Wada chairman John Fahey has made implementation of the code his priority
Leading members of Team GB are so concerned by the revised "whereabouts" anti-doping system they may quit, a senior Olympic official believes.
Pete Gardner, chief executive of the British Athletes Commission (BAC), believes stricter rules brought in this year must be reversed.
Whereabouts is the system drug-testers use to track athletes for tests.
"The old system was difficult for some athletes but, once they got used to it, it was workable," said Gardner.
"They could fit it into their schedules and they saw value in it. But the new system is causing real problems.
"There are some athletes who are so worried about missing tests inadvertently they have said if they got to two missed tests they would seriously consider retiring before missing a third.
"They've seen what has happened to people who have fallen foul of the three missed-test rule - and how the public have reacted - and, as clean athletes, they don't want to tarnish their records.
It would be impossible for us to run a testing programme without knowing where the athletes are
UK Sport's head of drug-free sport
"We really want to speak to Wada (the World Anti-Doping Agency) about pushing those changes back to where they were before."
A revised version of the Wada code, the global standards that underpin the fight against drugs cheats, came into force on 1 January, and among the key changes was a significant tightening up of whereabouts.
Before 1 January, any athlete in his or her country's testing pool (so any elite athlete in an Olympic sport or leading players in the main team sports) would have to specify, three months in advance, a time and a place each day, five days a week, when they could be found to give a no-notice drugs test.
Athletes could pick any hour between 0500 and 2300, and they would only have to be in the stated place for a portion of that hour, the onus being on the testers to be in the right place at the right time.

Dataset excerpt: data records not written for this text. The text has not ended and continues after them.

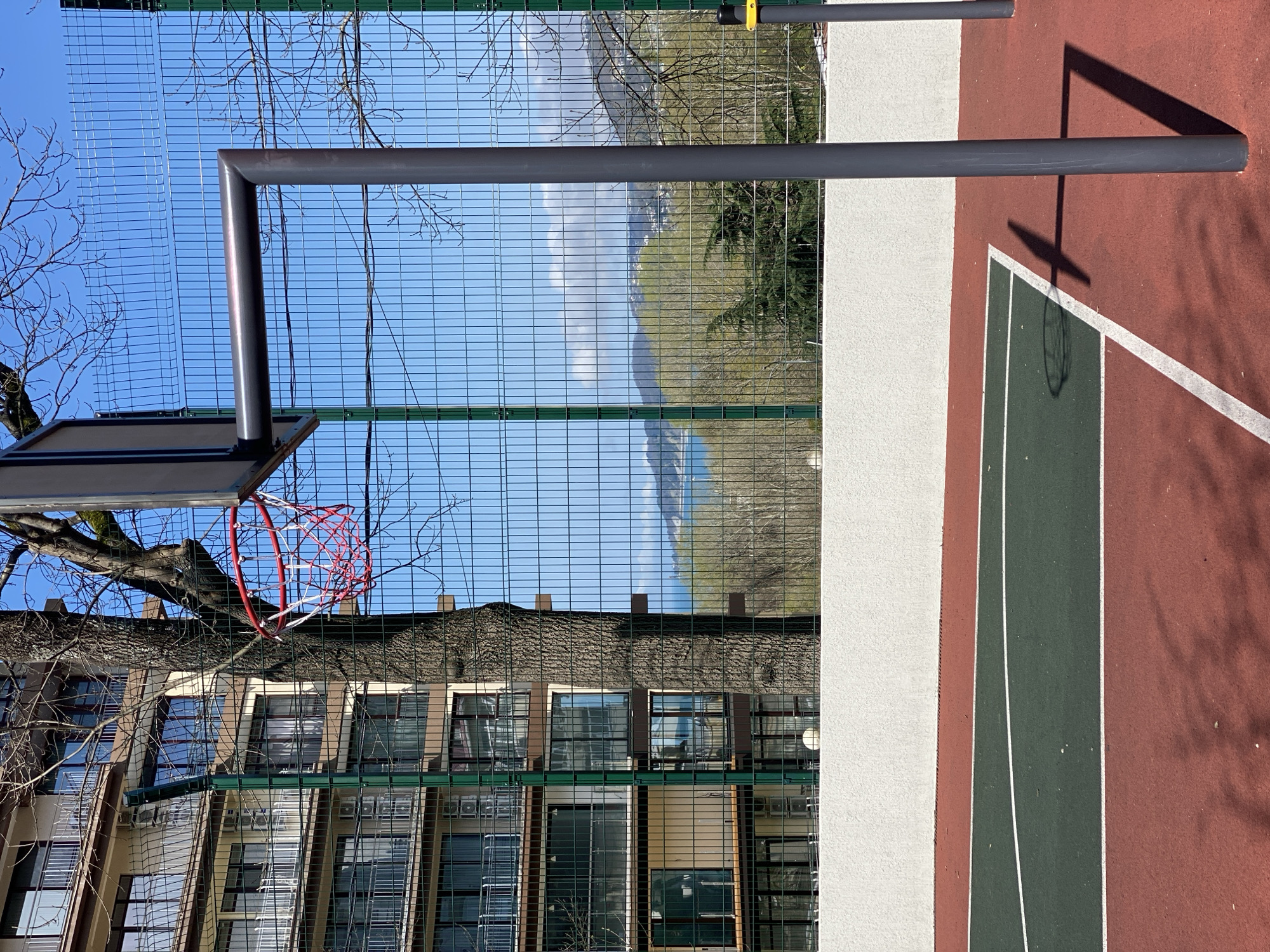 The image depicts a basketball court in Sochi, Russia. The court is bordered by a green metal fence, which partially obscures the view of a multi-story building and distant hills. A basketball hoop with a red and white net is visible, entangled with the branches of a tree. The court surface is marked with red, white, and green painted sections. A metallic pole and its shadow are prominently featured in the foreground. The sky is visible through the fence mesh, appearing blue with some cloud cover.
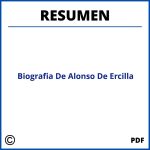 Biografia De Alonso De Ercilla Resumen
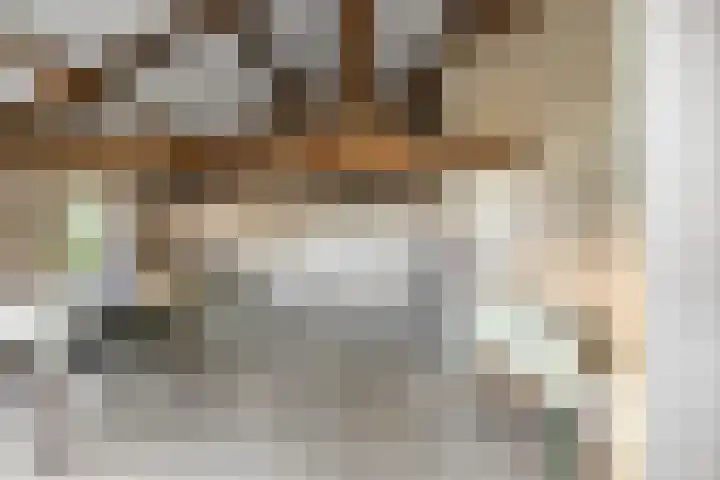 De Roozendries 8 Moergestel thumbnail 12
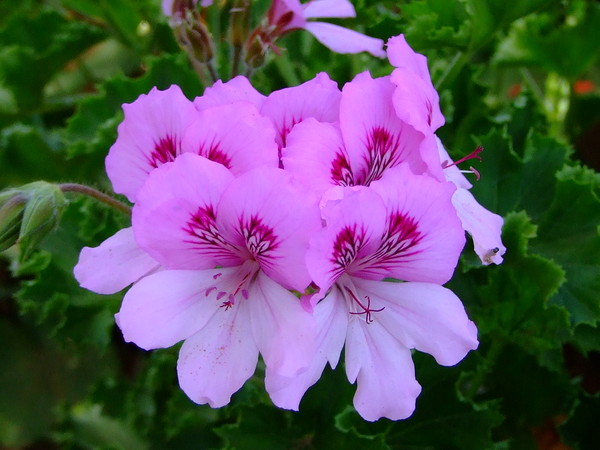 Пеларгония крупноцветковая
Pelargonium grandiflorum
Семейство: Гераниевые (Geraniaceae)
Происхождение:  Южная Африка

Привезена в Европу в конце XVI в. из Южной Африки. Культивируется в Европе, Африке и Китае

Эту пеларгонию называют еще английской. Однако происхождение этого названия остается неясным. В Англии она известна как королевская или выставочная, в США ее называют "Леди Вашингтон".
В медицине гераниевое масло используют как более дешевый заменитель розового. Как и розовое масло, его применяют при воспалительных, гнойных процессах в кишечнике и легких...

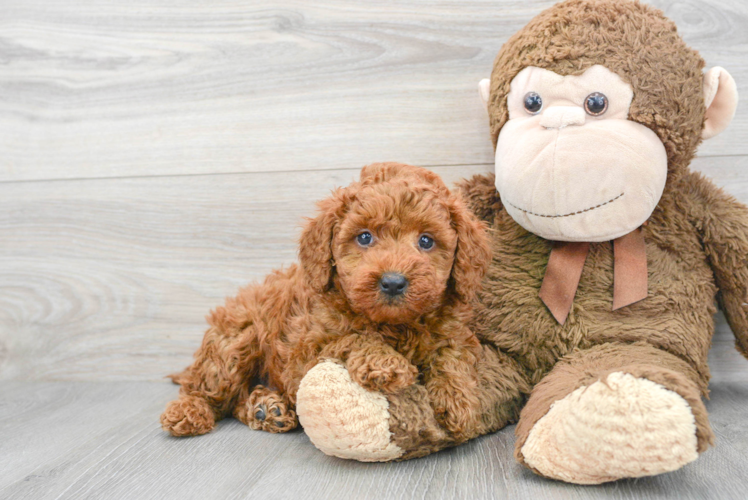 Mini Goldendoodle Pup Being Cute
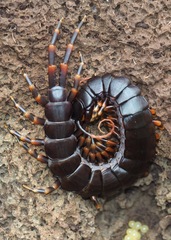 Scolopendra galapagoensis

Many athletes, therefore, selected 0500-0600 as their window and resigned themselves to the fact they might get an early wake-up call two or three times a year.
The new code, however, moved the earliest available time back to 0600 and crucially called for the athlete to be available for the full stated hour. The system was also extended to seven days a week.
Anti-doping bosses say without whereabouts there will be no deterrent
As a result of these changes, some athletes are concerned they could be charged with a missed test - three of those in 18 months and you are deemed to have failed a test, as Olympic champion 400m Christine Ohuruogu discovered to her cost - if they are late for a test or in the middle of a training session.
Others are annoyed they are now effectively sitting around waiting for somebody to turn up for 365 hours a year.
Gardner would not be drawn on which athletes have threatened to quit should they pick up two strikes - and you can also earn a strike for making a mistake with your online form - but they are believed to include medal-winning members of Britain's rowing squad.
News of unrest over whereabouts in the British camp comes a week after it emerged a group of Belgian professional athletes have started proceedings against their regional government on the same issue. They are challenging whereabouts as an invasion of privacy under European Union law.
Two more challenges from professional team sport also expected to whereabouts on the basis of EU data protection and working time regulations. And world tennis number one Rafael Nadal has also spoken out against the strict imposition of Wada's code.
For their part, the anti-doping authorities are adamant that whereabouts is a necessary evil.
Andy Parkinson, who runs Britain's drug-testing regime for UK Sport, said: "There is no doubt whereabouts is intrusive, but as long as it's proportionate to the risk of doping in sport then it has a very valid place.
They have gone too far, too quickly and they have not engaged with the players
Professional Players Federation
"In fact, I'd go further than that and say it would be impossible for us to run a testing programme without knowing where the athletes are."
But Simon Taylor, the general secretary of the Professional Players Federation (PPF), went even further than Gardner and said the current system was in danger of becoming a "fiasco".
The PPF, an umbrella group of professional player associations in the UK, is angry it was not sufficiently consulted ahead of the new code's introduction.
"We need Wada and we're all in favour of drug-free sport," said Taylor.
"But they have gone too far, too quickly and they have not engaged with the players. It's now a case of not if Wada will change the rules but when."
The Montreal-based anti-doping authority has recently said it will meet any organisation concerned or confused by the new code's provisions, particularly whereabouts, and Taylor welcomed that move.
"If you work with the players you'll get a stronger policy," he added. "We want to help."
Wada board member Sir Craig Reedie, however, denied the consultation process had been flawed.
The former British Olympic Association boss and current International Olympic Committee member said the code was revised after more than 18 months of talks with the sports, and pointed out that football's international governing body Fifa had been particularly involved.
"I am surprised people are coming forward within 30 days of the code coming into force so say they don't like it much," said Reedie.
"Our belief is that you should give the system a chance to settle down and then take a view after mature reflection."